Source data:
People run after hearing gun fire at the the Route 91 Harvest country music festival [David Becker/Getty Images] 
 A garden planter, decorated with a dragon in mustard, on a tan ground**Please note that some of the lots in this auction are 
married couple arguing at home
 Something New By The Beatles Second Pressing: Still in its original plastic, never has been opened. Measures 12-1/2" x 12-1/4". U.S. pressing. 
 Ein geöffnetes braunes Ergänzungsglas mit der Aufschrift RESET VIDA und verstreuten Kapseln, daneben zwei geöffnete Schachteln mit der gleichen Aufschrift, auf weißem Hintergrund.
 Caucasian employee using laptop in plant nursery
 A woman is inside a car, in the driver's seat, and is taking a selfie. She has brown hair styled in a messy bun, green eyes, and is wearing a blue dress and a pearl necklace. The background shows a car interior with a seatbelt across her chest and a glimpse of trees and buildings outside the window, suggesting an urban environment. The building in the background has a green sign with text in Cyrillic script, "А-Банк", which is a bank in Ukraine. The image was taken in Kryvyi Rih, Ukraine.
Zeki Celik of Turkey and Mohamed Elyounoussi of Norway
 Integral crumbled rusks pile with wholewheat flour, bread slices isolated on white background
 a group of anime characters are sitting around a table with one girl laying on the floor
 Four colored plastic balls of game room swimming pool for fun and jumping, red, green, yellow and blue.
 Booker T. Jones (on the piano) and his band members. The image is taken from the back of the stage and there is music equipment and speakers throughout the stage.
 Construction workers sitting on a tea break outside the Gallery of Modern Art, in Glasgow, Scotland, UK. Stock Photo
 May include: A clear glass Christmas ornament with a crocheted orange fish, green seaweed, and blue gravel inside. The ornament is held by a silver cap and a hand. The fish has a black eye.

■ **Problem description**
Each line above with the string "plastic" in it should be located and copied.

■ **Solved problem**
 Something New By The Beatles Second Pressing: Still in its original plastic, never has been opened. Measures 12-1/2" x 12-1/4". U.S. pressing. 
 Four colored plastic balls of game room swimming pool for fun and jumping, red, green, yellow and blue.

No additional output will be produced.